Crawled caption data
********************

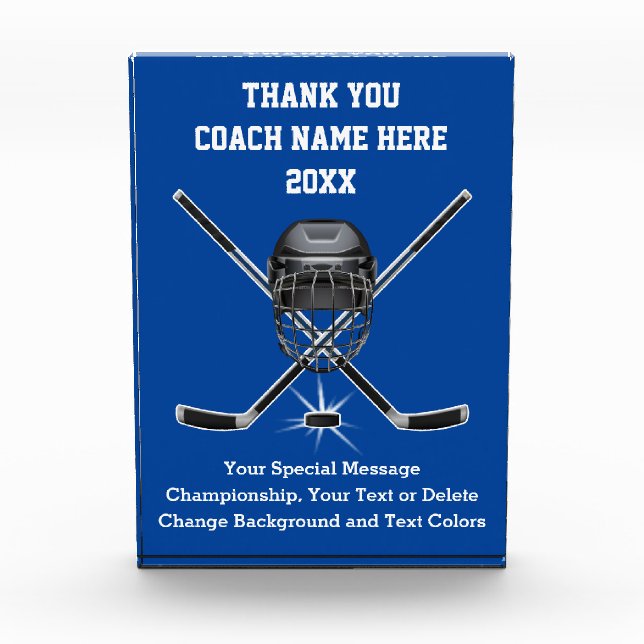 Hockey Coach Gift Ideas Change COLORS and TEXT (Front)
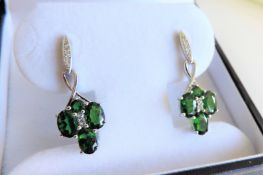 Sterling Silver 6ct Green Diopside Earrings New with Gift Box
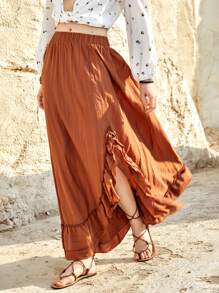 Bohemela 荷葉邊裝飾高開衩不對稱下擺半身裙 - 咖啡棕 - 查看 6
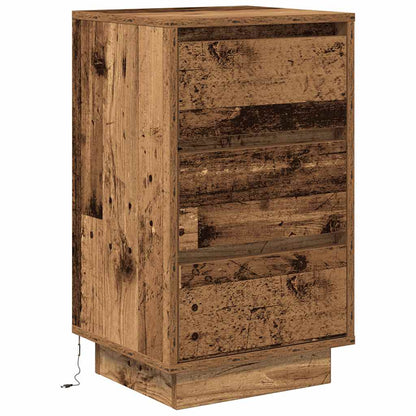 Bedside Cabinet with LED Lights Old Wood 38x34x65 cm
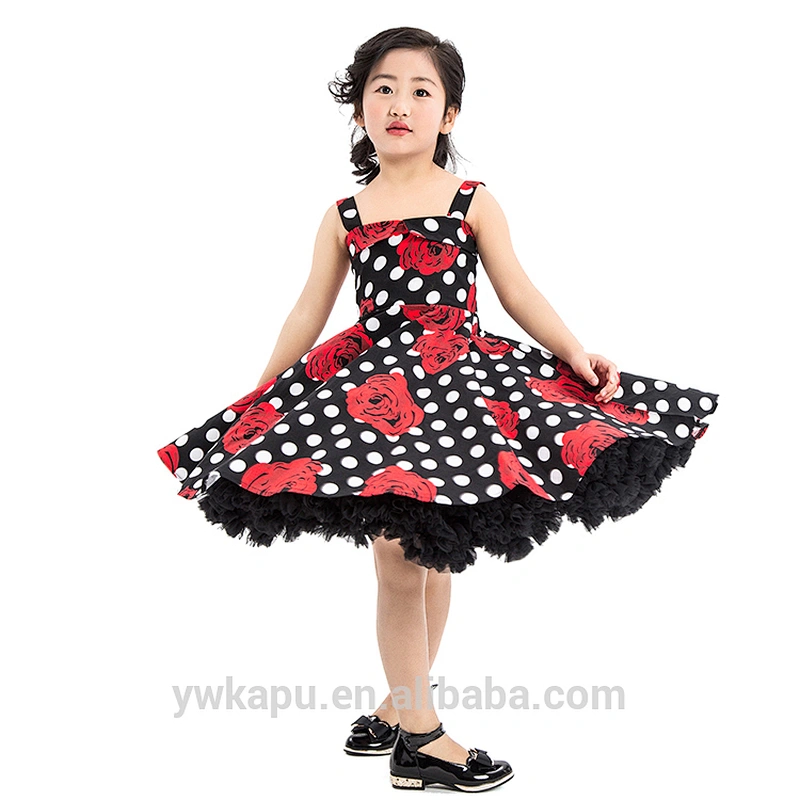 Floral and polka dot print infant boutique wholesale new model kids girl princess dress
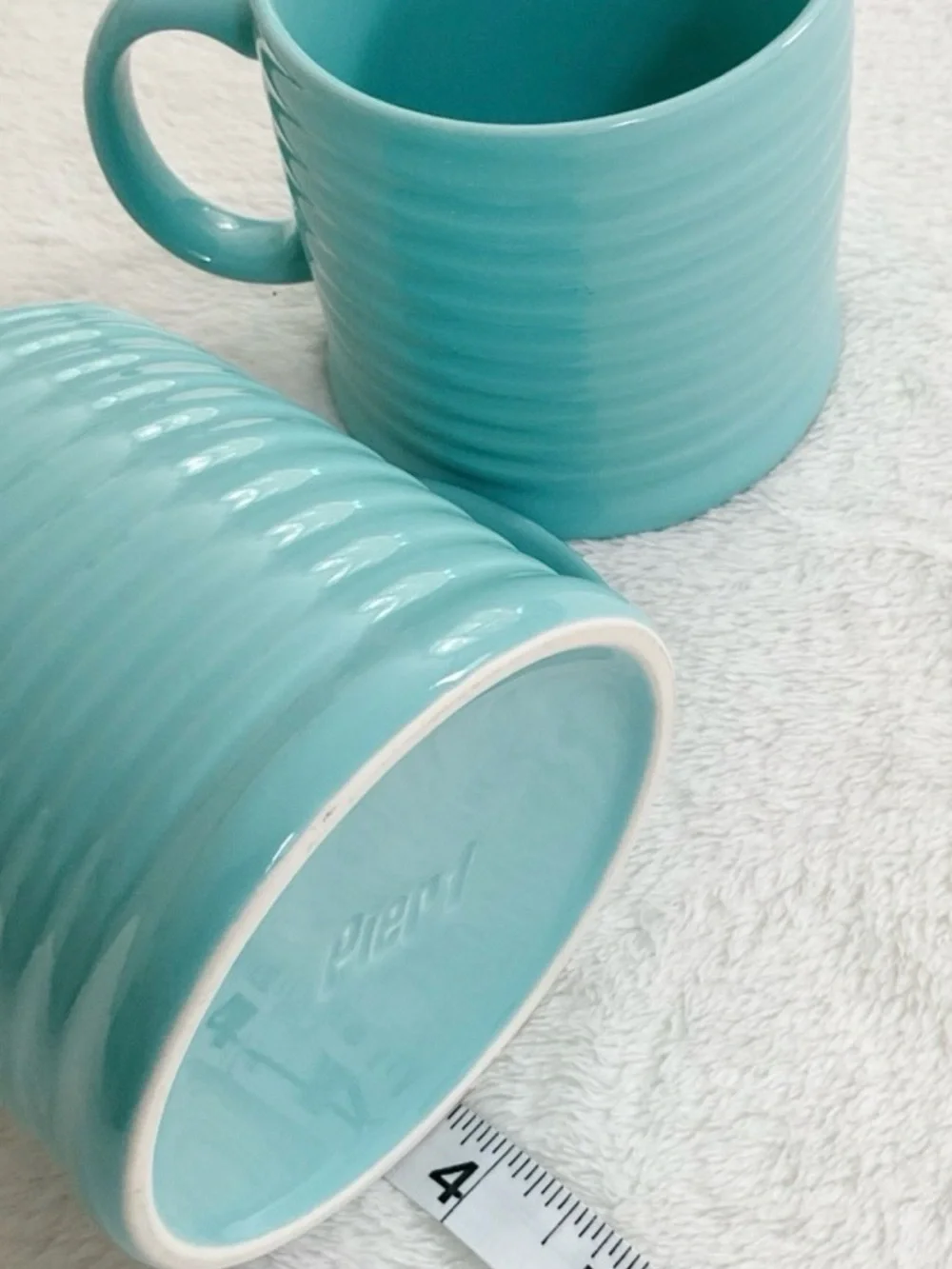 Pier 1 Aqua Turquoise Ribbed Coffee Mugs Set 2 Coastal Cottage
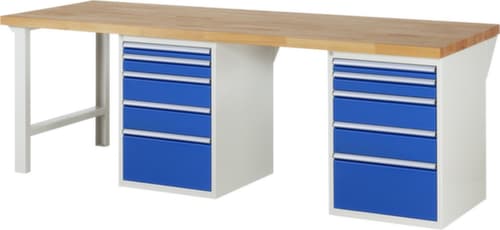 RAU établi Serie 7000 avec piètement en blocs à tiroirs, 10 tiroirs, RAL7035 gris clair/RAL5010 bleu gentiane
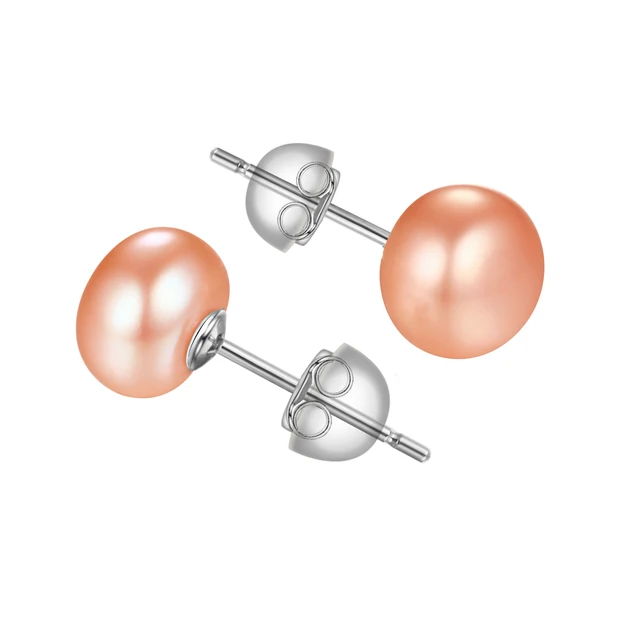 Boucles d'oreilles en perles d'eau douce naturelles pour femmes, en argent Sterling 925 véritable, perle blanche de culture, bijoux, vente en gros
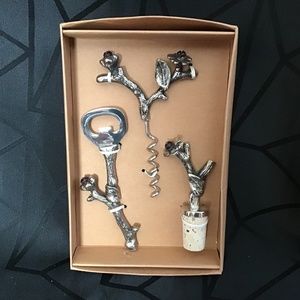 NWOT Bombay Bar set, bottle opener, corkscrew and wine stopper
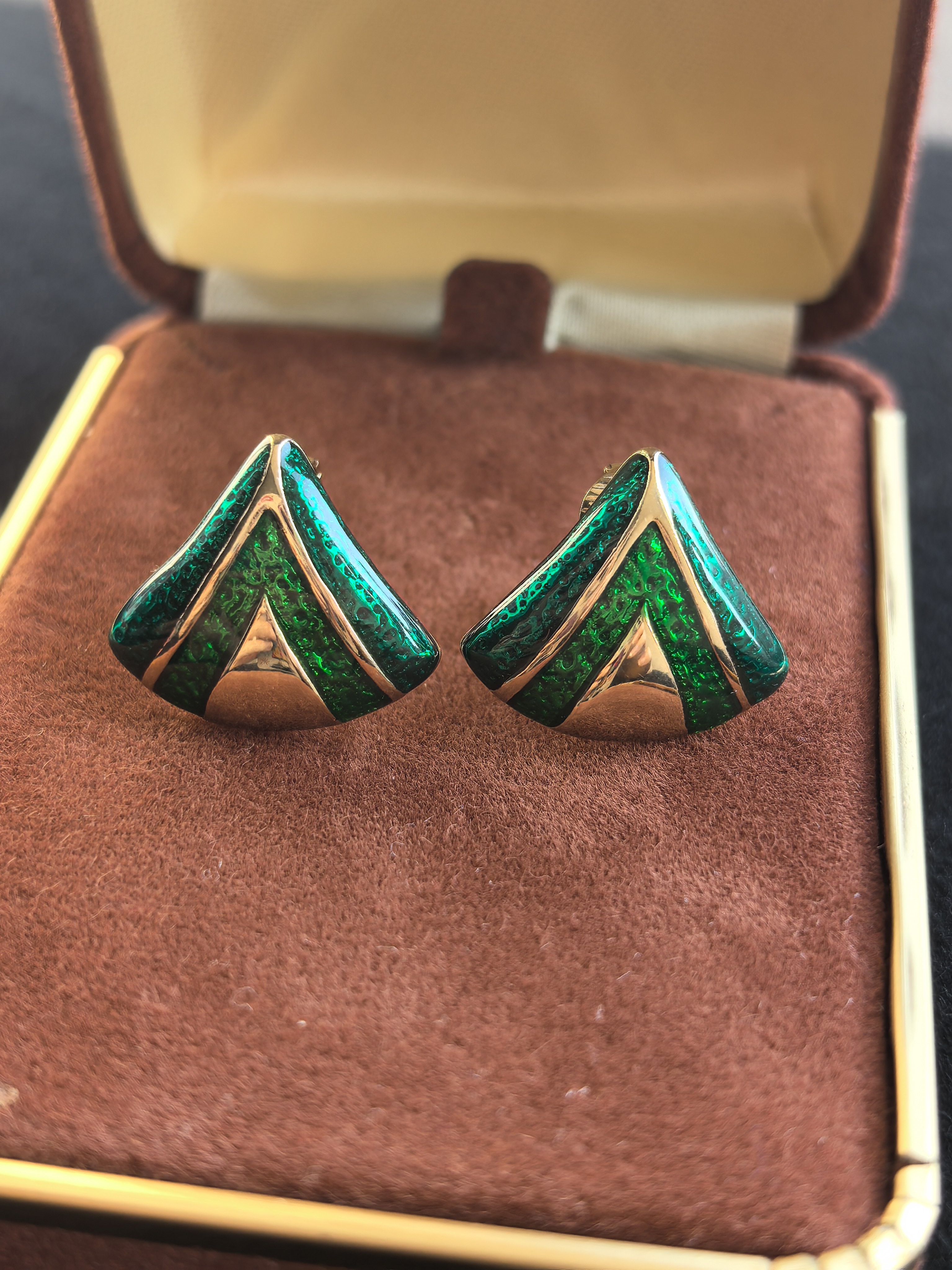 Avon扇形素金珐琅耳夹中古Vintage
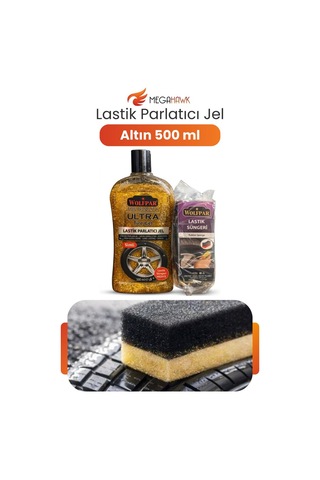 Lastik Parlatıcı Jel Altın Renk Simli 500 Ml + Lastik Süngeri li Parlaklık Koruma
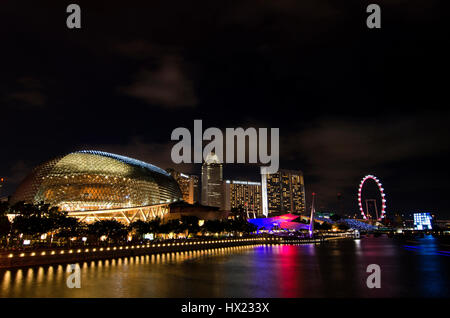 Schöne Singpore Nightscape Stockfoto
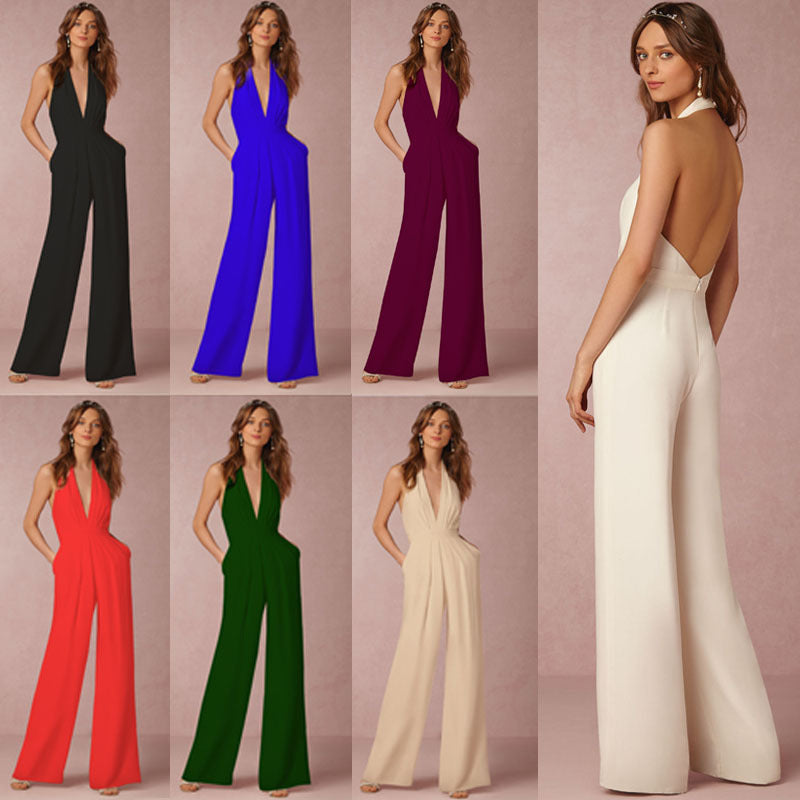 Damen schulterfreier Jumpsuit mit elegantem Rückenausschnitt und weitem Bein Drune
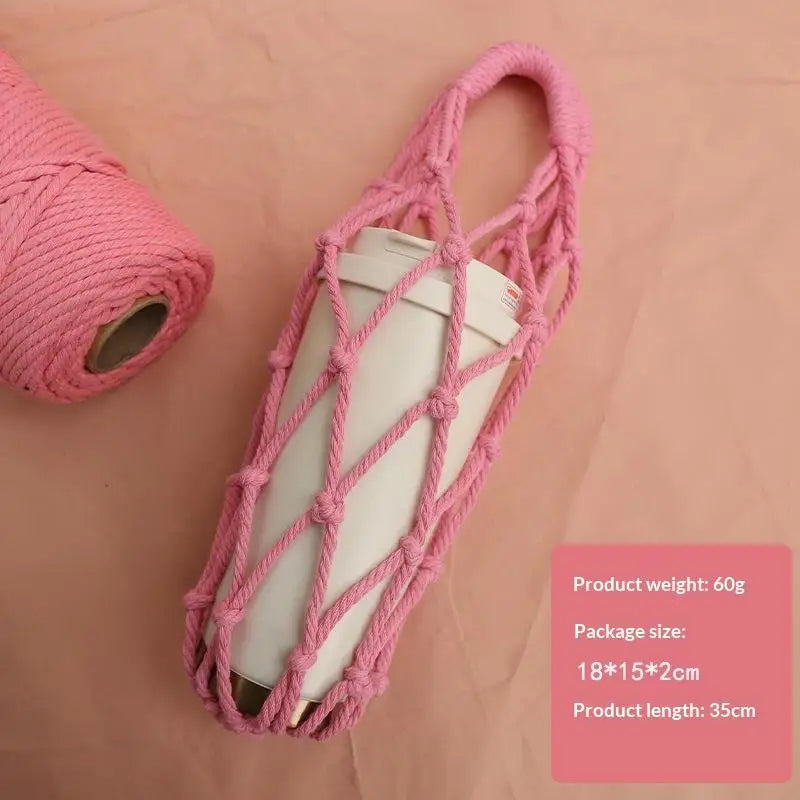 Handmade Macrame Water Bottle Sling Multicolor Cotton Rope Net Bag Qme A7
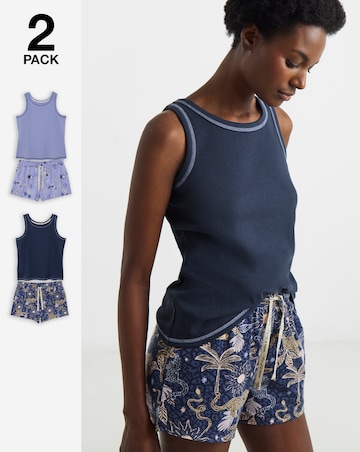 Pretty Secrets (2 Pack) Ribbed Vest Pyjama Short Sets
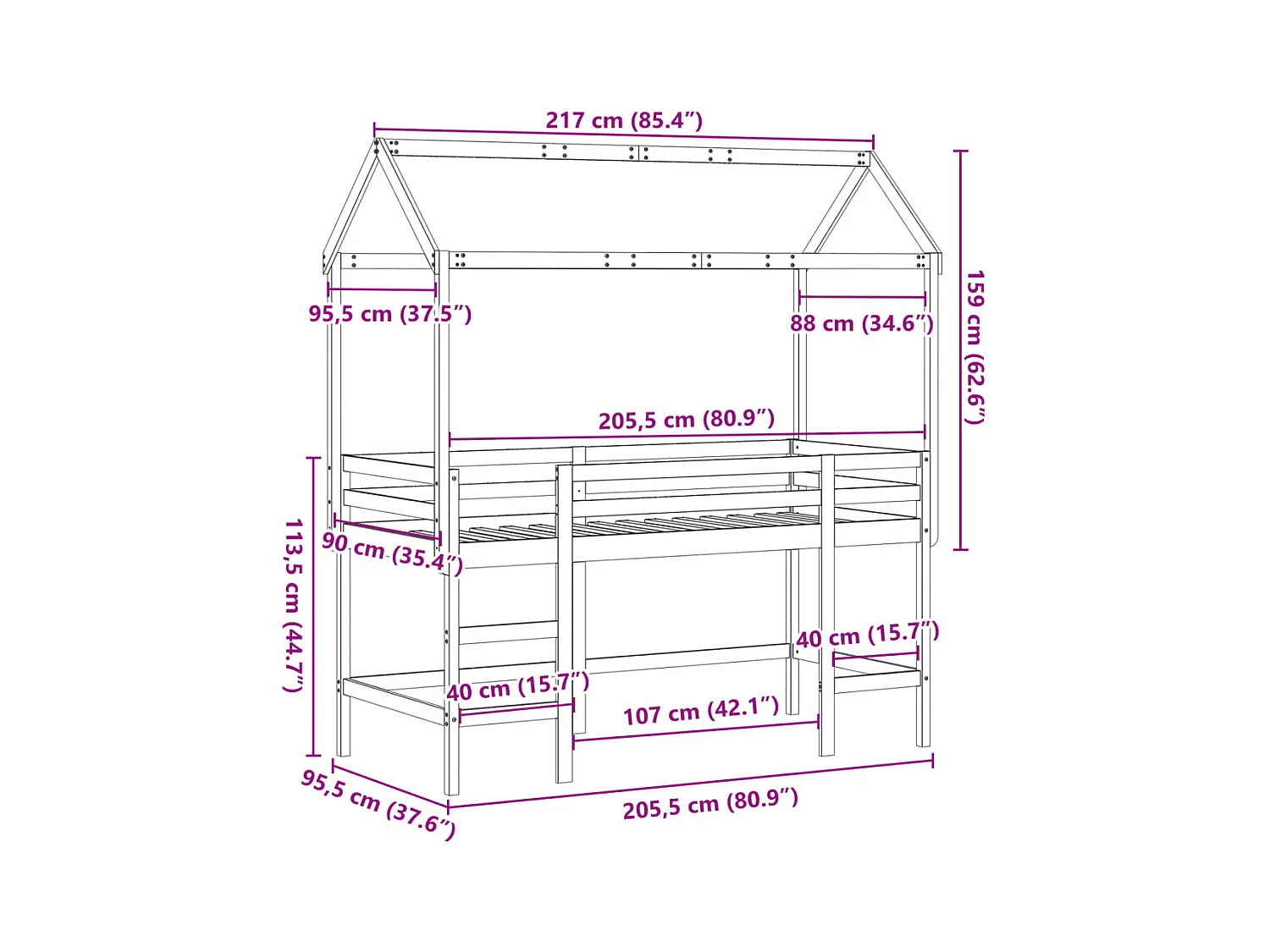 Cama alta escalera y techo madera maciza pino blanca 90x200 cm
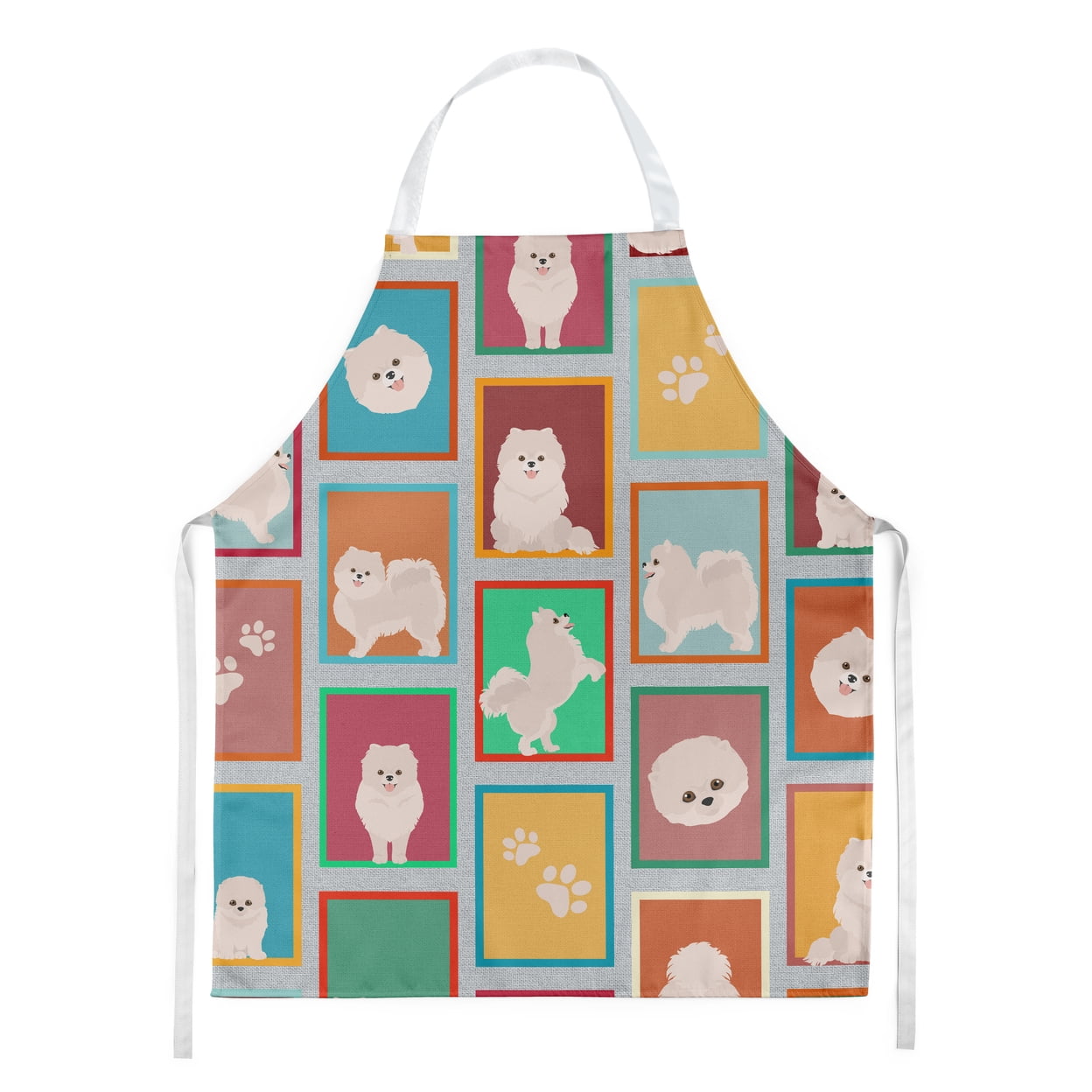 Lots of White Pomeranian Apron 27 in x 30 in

********************

→ Try it: Set the pictures aside and retype exactly the lines above from the line with "NWOT Bombay Bar" to the line with "Pretty Secrets (2", both included, adding no others.

→ Output of the task:
 NWOT Bombay Bar set, bottle opener, corkscrew and wine stopper
 Avon扇形素金珐琅耳夹中古Vintage
 Lastik Parlatıcı Jel Altın Renk Simli 500 Ml + Lastik Süngeri li Parlaklık Koruma
 Schöne Singpore Nightscape Stockfoto
 Damen schulterfreier Jumpsuit mit elegantem Rückenausschnitt und weitem Bein Drune
 Handmade Macrame Water Bottle Sling Multicolor Cotton Rope Net Bag Qme A7
 Pretty Secrets (2 Pack) Ribbed Vest Pyjama Short Sets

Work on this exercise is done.